> [Data extracts]
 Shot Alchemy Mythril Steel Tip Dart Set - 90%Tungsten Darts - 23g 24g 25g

--

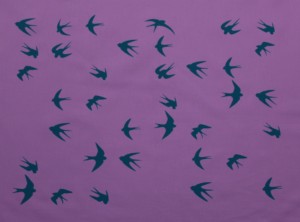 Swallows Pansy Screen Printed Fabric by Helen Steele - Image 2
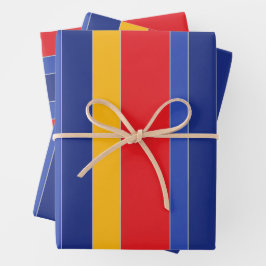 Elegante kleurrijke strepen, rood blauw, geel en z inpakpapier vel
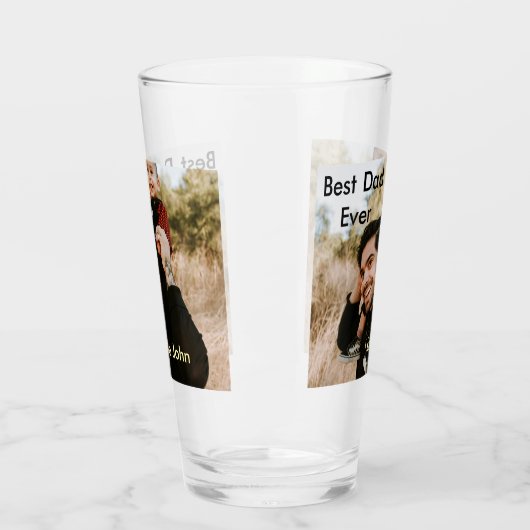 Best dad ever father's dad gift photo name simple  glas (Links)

> [Task statement]
What's needed is an exact copy of the records above from the line containing "Elegante kleurrijke strepen, rood" down to the line containing "Best dad ever", both included, without any pictures.

> [Task result]
 Elegante kleurrijke strepen, rood blauw, geel en z inpakpapier vel
 Best dad ever father's dad gift photo name simple  glas (Links)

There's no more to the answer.